Exercise instructions -> For this task, output exactly the lines of the material below starting at the line with "Current, Resistance, Continuity, Frequency, Tests" and ending at the line with "Hello and welcome"; pictures are to be excluded.

Data ->

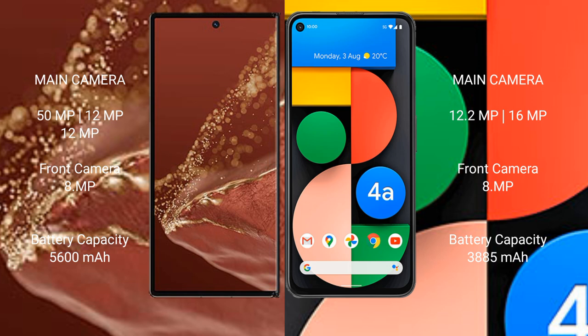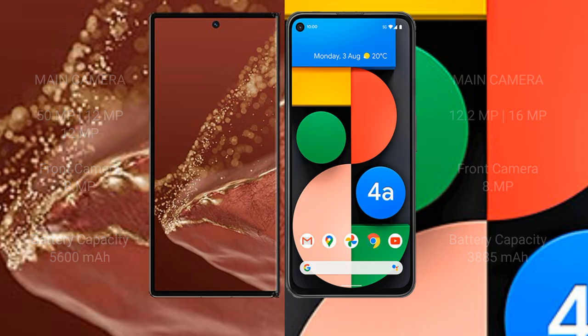Huawei Mate XT Ultimate has a 5600mAh battery with 66W fast charging support. Google Pixel 4a has a 3885mAh battery with 18W fast charging support.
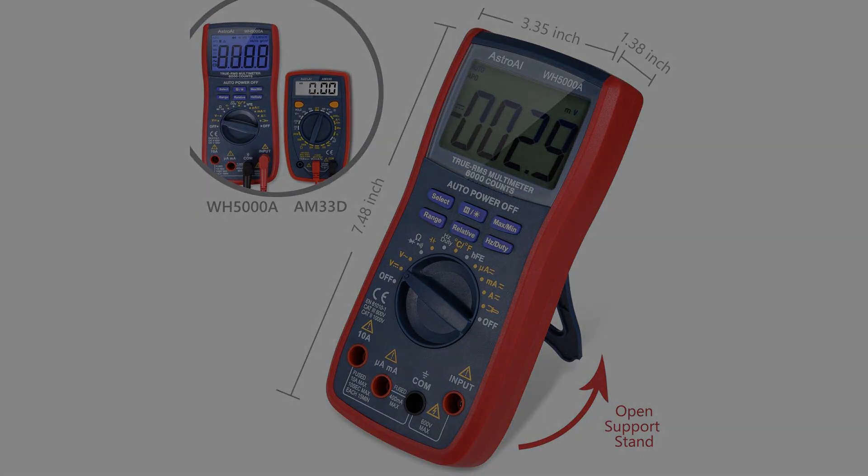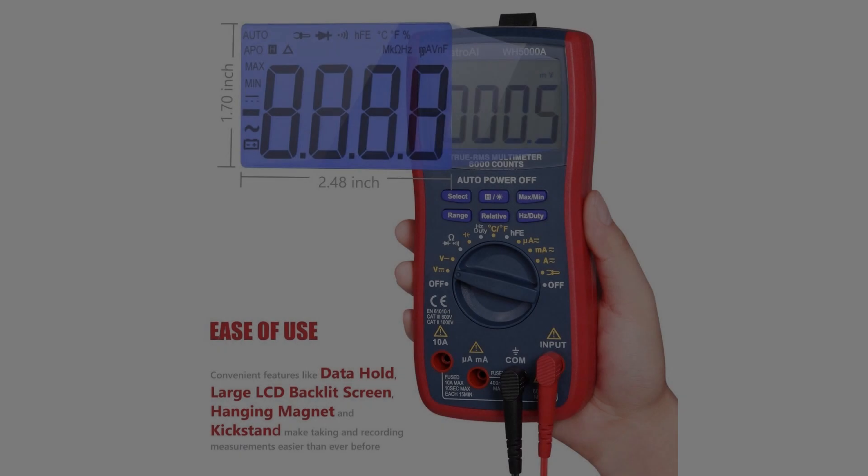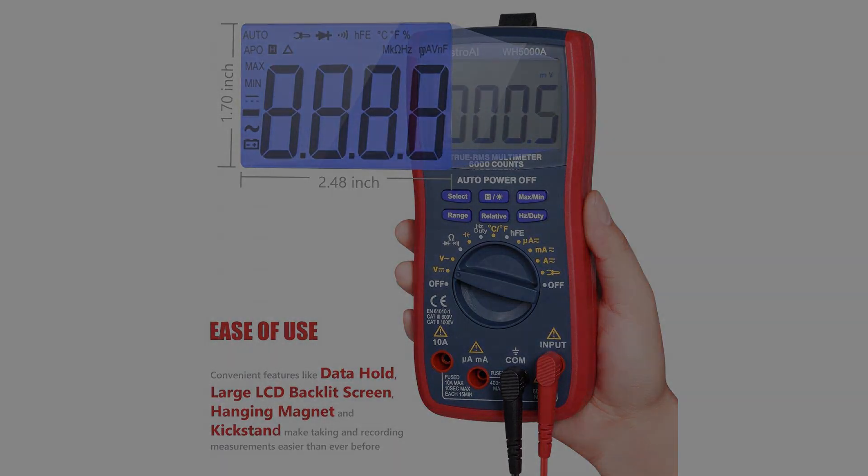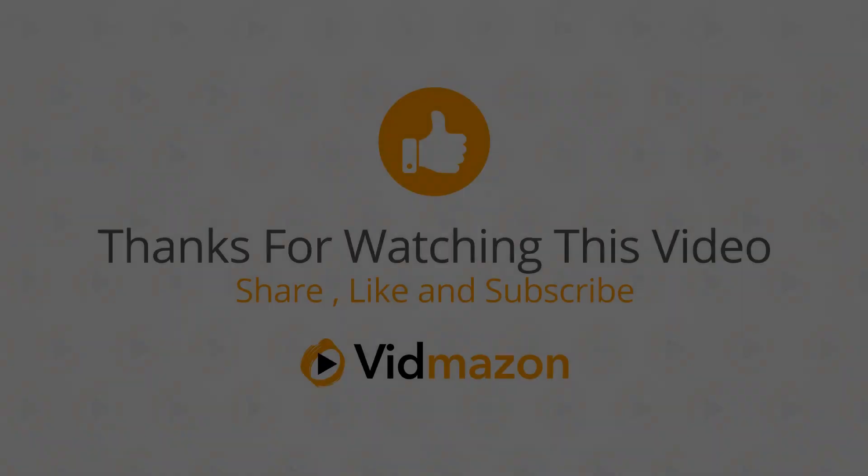Current, Resistance, Continuity, Frequency, Tests Diodes, Transistors, Temperature.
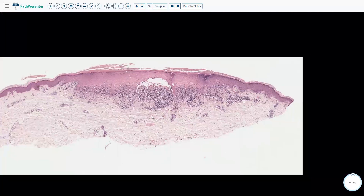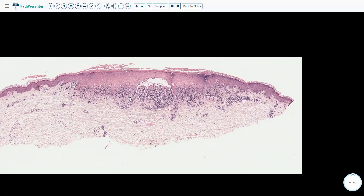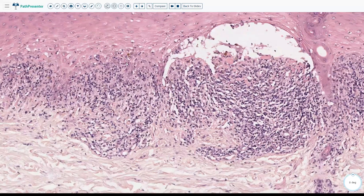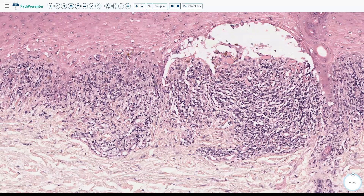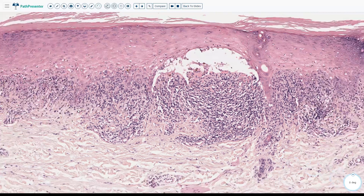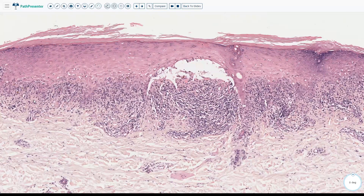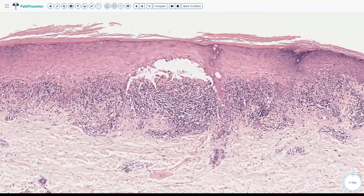Usually the lower part of the dermis is pretty clean, which is very classic for lichen planus. To summarize the histological features: compact hyperkeratosis, no parakeratosis, wedge-shaped hypergranulosis, a dense lymphocytic infiltrate hugging the dermal-epidermal junction, admixed apoptotic keratinocytes, pigment incontinence, and usually no eosinophils. You always have to go to high power and scan the dermal-epidermal junction very carefully to check for eosinophils. Usually in lichen planus you are not supposed to see any eosinophils, though sometimes it may happen.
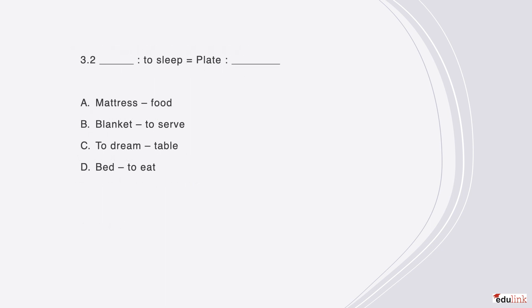Here is another question of the same type. Blank is to sleep, as plate is to blank. The correct answer is B, because a blanket is used to help one sleep, just as a plate is used to help one serve.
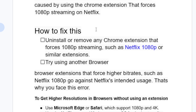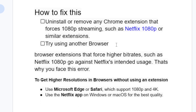If that doesn't work after removing any Chrome extension that forces 1080p streaming, then you can try to use another browser. Browser extensions that force higher bit rates, such as Netflix 1080p, go against Netflix's intended usage — that's why you face this error. To get higher resolutions in a browser without using an extension, use Microsoft Edge or Safari, which support 1080p and 4K, or you can use the Netflix app on Windows or Mac OS for the best quality.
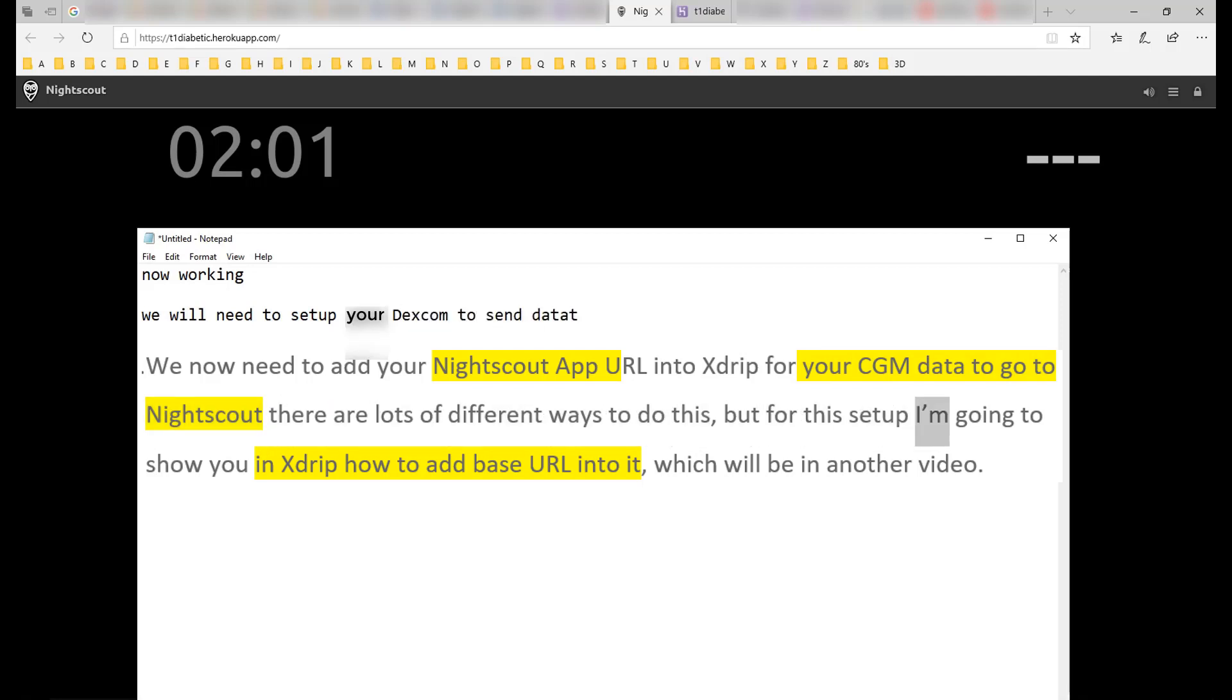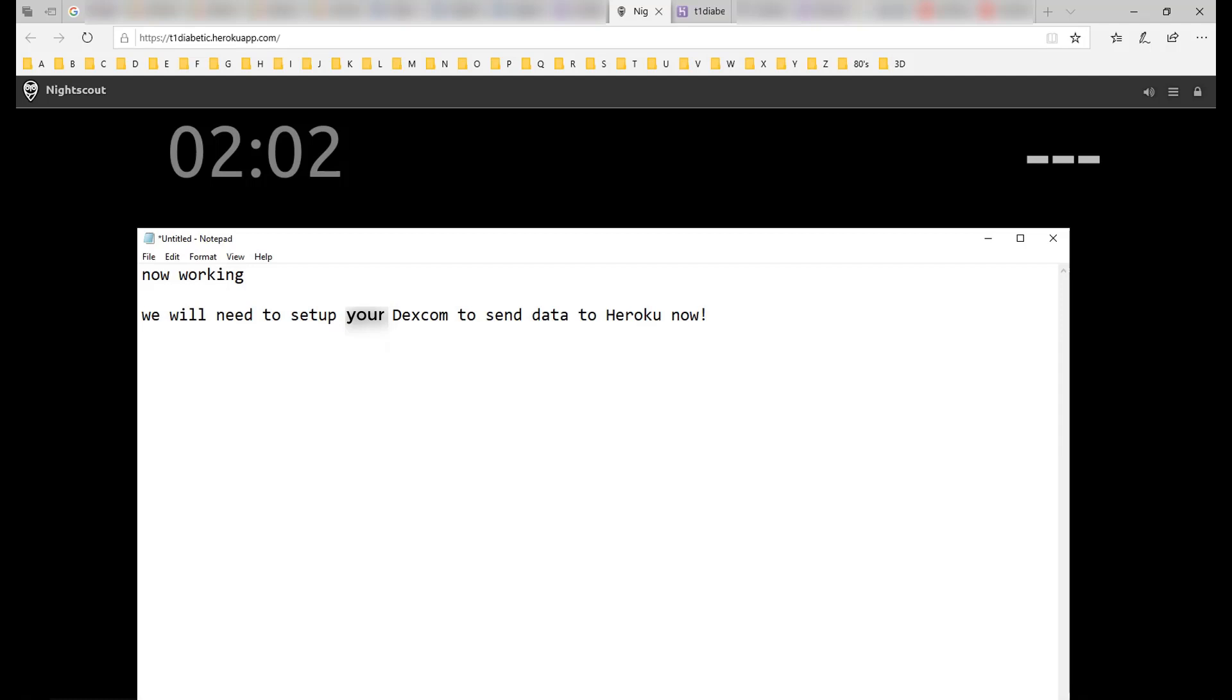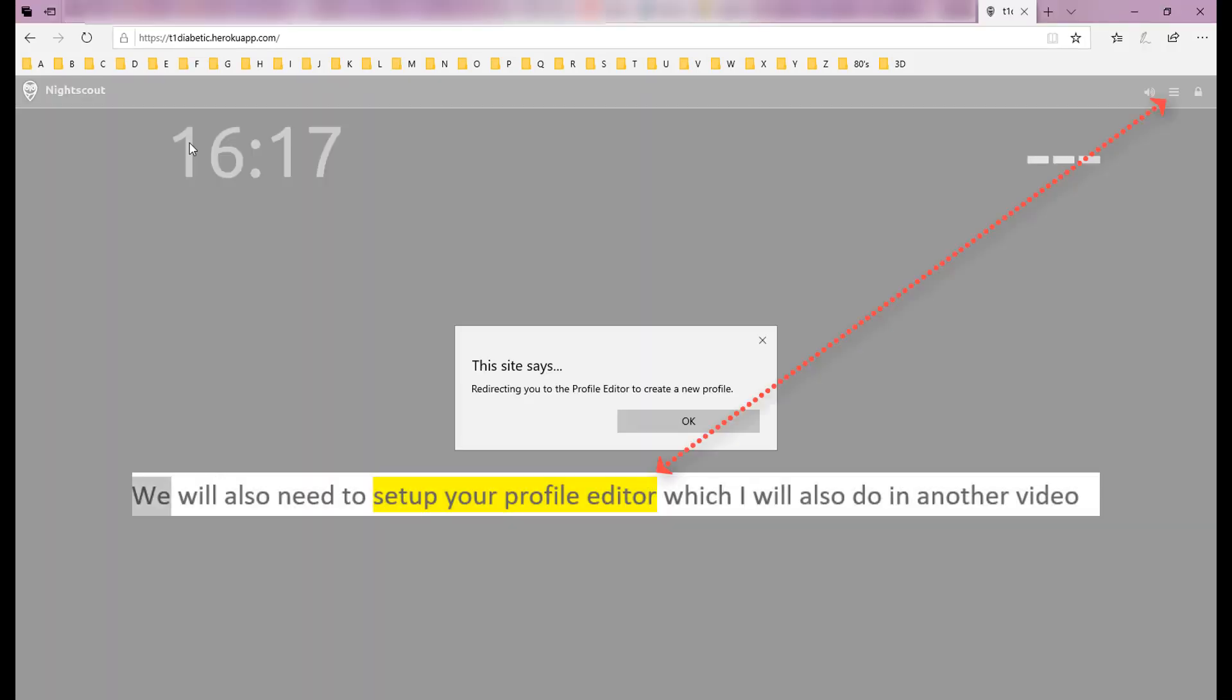But for this setup I'm going to show you in xDrip how to add base URL into it, which will be in another video. We will also need to set up your profile editor which I will also do in another video.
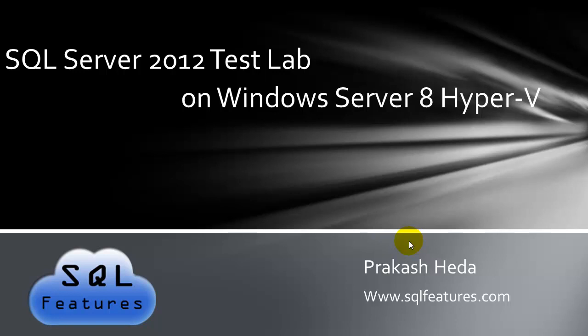Hello and welcome to SQL Server 2012 test lab project which we will be creating on Windows Server 8 Hyper-V beta version which was released a couple of days ago. In this video I will be talking about the basic hardware which you'll need to prepare this test lab and the basic software plus what all different configuration will need.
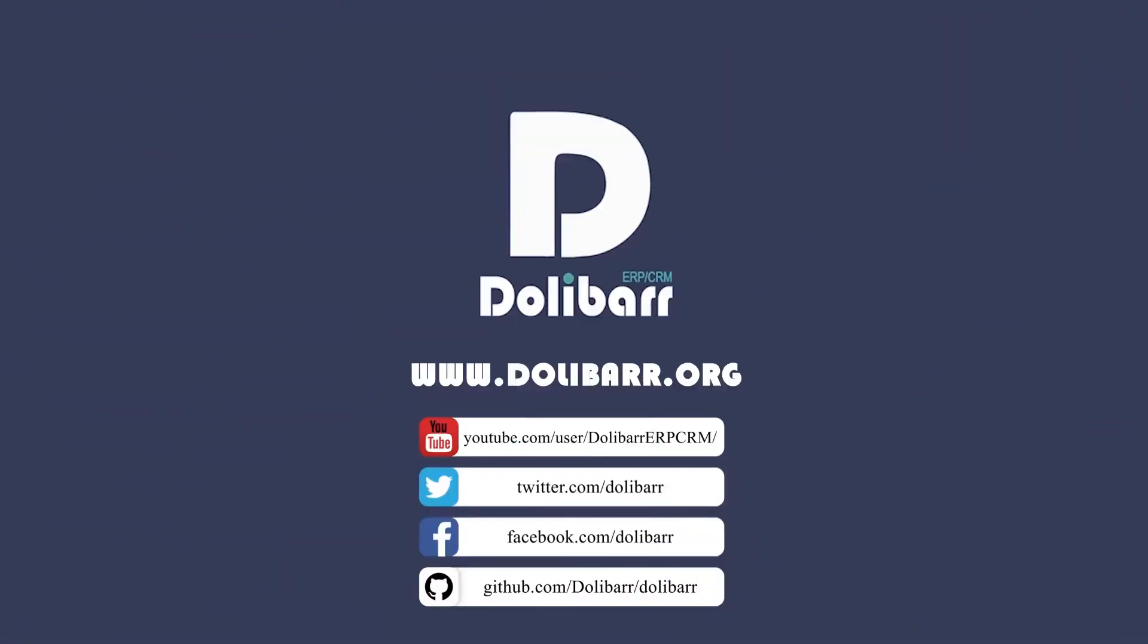Dolibarr ERP and CRM, dolibarr.org. Thank you.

Your response ->
Current, Resistance, Continuity, Frequency, Tests Diodes, Transistors, Temperature.
Usually the lower part of the dermis is pretty clean, which is very classic for lichen planus. To summarize the histological features: compact hyperkeratosis, no parakeratosis, wedge-shaped hypergranulosis, a dense lymphocytic infiltrate hugging the dermal-epidermal junction, admixed apoptotic keratinocytes, pigment incontinence, and usually no eosinophils. You always have to go to high power and scan the dermal-epidermal junction very carefully to check for eosinophils. Usually in lichen planus you are not supposed to see any eosinophils, though sometimes it may happen.
Here is another question of the same type. Blank is to sleep, as plate is to blank. The correct answer is B, because a blanket is used to help one sleep, just as a plate is used to help one serve.
If that doesn't work after removing any Chrome extension that forces 1080p streaming, then you can try to use another browser. Browser extensions that force higher bit rates, such as Netflix 1080p, go against Netflix's intended usage — that's why you face this error. To get higher resolutions in a browser without using an extension, use Microsoft Edge or Safari, which support 1080p and 4K, or you can use the Netflix app on Windows or Mac OS for the best quality.
But for this setup I'm going to show you in xDrip how to add base URL into it, which will be in another video. We will also need to set up your profile editor which I will also do in another video.
Hello and welcome to SQL Server 2012 test lab project which we will be creating on Windows Server 8 Hyper-V beta version which was released a couple of days ago. In this video I will be talking about the basic hardware which you'll need to prepare this test lab and the basic software plus what all different configuration will need.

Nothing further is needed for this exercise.